Volume 3, issue 2 * August 28, 2020

Growing, Nurturing, Developing, and Supporting

"The Acorn" is a newsletter for the cooperating teachers working with student teachers from the College of St. Benedict and St. John's University. This publication is intended to help our cooperating teachers understand their roles and responsibilities as well as provide them with current research and best practice on working with student teachers.

Lessons from Literature: Starting the School Year Conversations with Your Student Teacher

This school year will begin like none before it. We will enter with anticipation, anxiety, joy—myriad emotions seem to tug at us in ways we have not felt previously.


In a spring and summer marked by distance-learning, sheltering at home, social distancing and social unrest, I found myself escaping to literature. In the presumed safety and security of a good book, I was able to look at how people face challenges and connect them to our current chaos. I was able to see our teaching and learning situations coming through the pages of text.


One of my favorite novels is The Poisonwood Bible by Barbara Kingsolver, a text I return to often. In this novel, the Price family is moving to the former Belgian Congo where the patriarch will take a position as pastor of a mission church. I liken the reaction of each of the members of the Price family to this move and their growth through the novel with how all of us may approach the return to school.

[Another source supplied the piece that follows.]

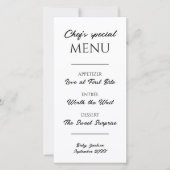 Aankondiging Zwangerschap Restaurant Menu (Voorkant)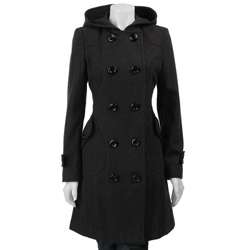 Lo Womens 3/4 length Hooded Wool Coat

Rachel Price, the eldest of the four daughters, is most concerned with appearances and the comforts of home. For her, all things associated with the Congo are an inconvenience. The twins, Leah and Adah, approach their new living situation with resolve to her father’s mission and resolve to create agency in the people, respectively. While one seeks to move others to the ways of her father, the other seeks to understand others and enact change. The youngest, Ruth May, brings brightness, curiosity, and a devil-may-care attitude to her new surroundings, embracing whatever comes her way. The girls are guided by their parents, Nathan and Orleanna. Nathan enters the Congo in a heavy-handed, my-way-or-no-way fashion while his wife scrambles to protect her children and guide them through the challenges and dangers of the jungle in which they live. For all of them, so much is unknown—the setting, the culture, the rapidly changing political climate—and their health and safety are a constant concern.

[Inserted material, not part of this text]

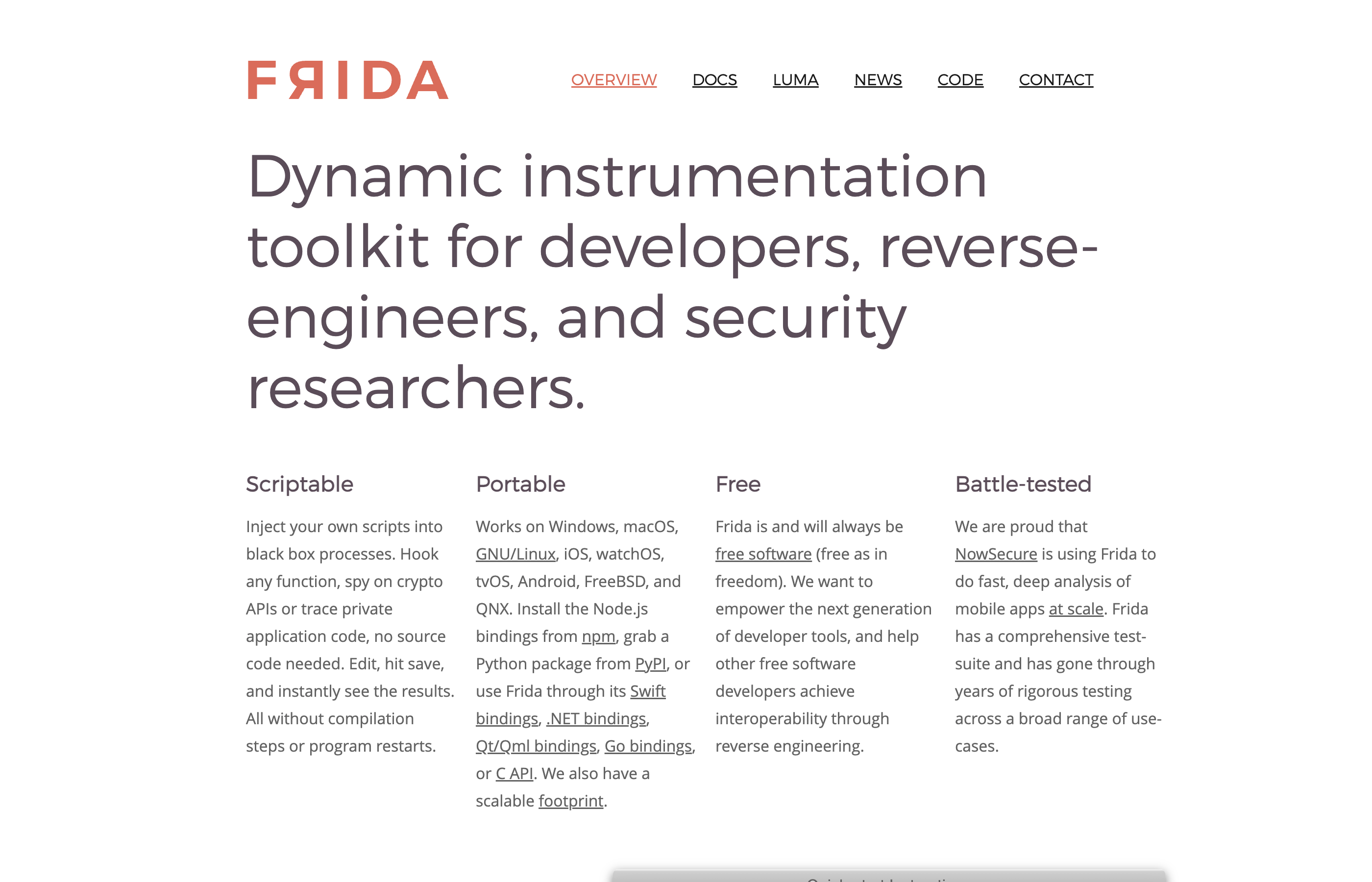 Frida 공식 홈페이지 &mdash; 동적 계측 도구 소개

If you’ve read the novel, you know that the success of each family member was largely dependent upon each individual’s attitudes of openness, flexibility, and cooperation. In addition, for those individuals who fared well, a focus on safety and developing meaningful community connections was a determining factor in their futures.


The Price family provides us with a parallel we can use going into the new school year. What we have known about teaching and learning can be applied to our current situation, but we need to shift, and one of those shifts can be in how we work with our student teachers. Much like Orleanna Price, the family matriarch came to the Congo with ways of raising her children that worked in Georgia, we come to classrooms with ways of teaching that worked (or got us through) last year. Now, in a new situation with a student teacher and in the chaos of the Summer of 2020, we have an opportunity to reframe our teaching to include these important ideas: openness, flexibility, cooperation, safety, and connection.


How do we do this? In St. Benedict’s Guide to Improving Your Work Life, Michael Rock suggests that we think about how the work we do is in service to the community and that our virtual lives can be in detriment to our intentions of that community building (p. 28). Rock offers four keys that are also challenges to consider in how we approach our work: respect, patience, openness, and action. These are conversations we need to be having with our student teachers and students. Using Rock’s four keys, I offer a brief explanation followed by questions to consider and discuss throughout your student teaching partnership.


Respect—Concern for justice, fairness, equity, and access for our students and their families, our colleagues, and our community members are a high priority (Rock, p. 29-30).

Big questions:

How will we establish expectations and routines and model these in our words and actions? How will we create safe spaces for students to speak, learn, and interact? How will we provide for our students’ academic and social-emotional needs during and outside of class?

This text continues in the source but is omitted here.